Kann die Weltwirtschaft immer weiter zunehmen, ohne an ein Limit zu stoßen? Diese Frage wird nicht erst gestellt, seit Chinas Rohstoffhunger ins Unermessliche zu wachsen scheint. Ob der globalen Ökonomie natürliche Grenzen gesetzt sind, darüber machten sich schon vor gut dreißig Jahren der Ökonom Dennis Meadows und seine Mitarbeiter Gedanken. Das Team am Massachusetts Institute of Technology erarbeitete 1972 mit Hilfe eines Computermodells einen Bericht für den Club of Rome, der Furore machte. "Die Grenzen des Wachstums" hieß das schmale Buch.

Dessen These war: Die zur Neige gehenden Ressourcen und eine sich explosionsartig vermehrende Weltbevölkerung müssen Mitte des 21. Jahrhunderts zu einem gigantischen Desaster führen. Ein Dritteljahrhundert danach zieht jetzt ein Autor Zwischenbilanz: Paul Erbrich lehrt Naturphilosophie als Professor der privaten Hochschule für Philosophie in München, die vom Orden der Jesuiten in Deutschland getragen wird. Das Buch des Wissenschaftlers ist zugleich der achte Band einer Reihe, die eine Stiftung an seiner Hochschule herausgibt.

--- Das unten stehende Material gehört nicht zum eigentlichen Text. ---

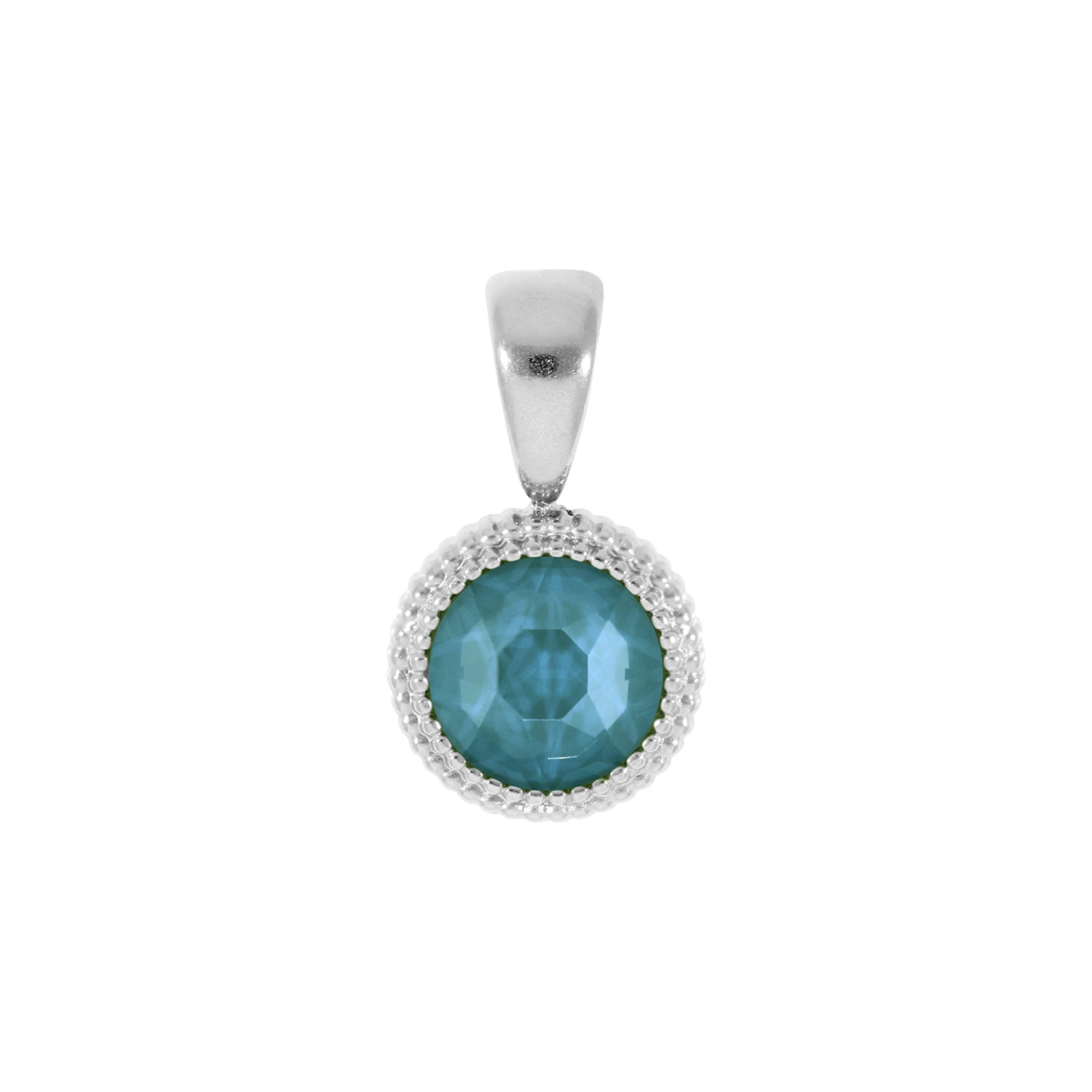 Fabero Flat Pendant 0.4" - Silver Crystal Pine Green Ignite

Das Motto der Serie lautet "Globale Solidarität – Schritte zu einer neuen Weltkultur". In diesem Sinn versucht Erbrich, die Argumente von Meadows und seinen Kollegen noch einmal nachzuprüfen, zu erklären, was sich anders entwickelt hat, und darüber zu spekulieren, wie die Zukunft aussehen könnte und welche Optionen der Menschheit offen stehen. Fürwahr ein titanisches Thema, und so nimmt es auch nicht wunder, dass der Autor nach eigenem Bekunden seit den 1970er Jahren über seinem Werk gebrütet hat.

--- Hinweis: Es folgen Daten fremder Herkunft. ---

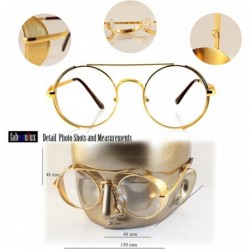 Shield Steampunk Fused Metal Side Shield Round Clear Glasses Sunglasses A115 A132 - (Clear) Gold - CQ180RTLG4X $16.14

Der Bericht geht von zwei Szenarien jener Zeit aus: Anders als die Computerstudie von Meadows, die ungebremstes Wirtschaftswachstum annahm, setzte das weniger bekannte "Bariloche"-Modell auf eine politische Utopie: Die lateinamerikanischen Forscher, die bereits Mitte der 1970er Jahre mit Mitteln der Fundación Bariloche ein Gegenmodell zu den "Grenzen des Wachstums" aufstellten, hofften, die Kluft zwischen armen und reichen Ländern könnte verringert werden. Indem der Autor an die beiden gegensätzlichen Prognosen anknüpft, spannt er einen Bogen über die entscheidenden Themen Bevölkerungswachstum, Ernährung, Rohstoffe, Energie und Klima. Schließlich wagt er den Versuch, wiederum einen Blick in die Zukunft zu werfen.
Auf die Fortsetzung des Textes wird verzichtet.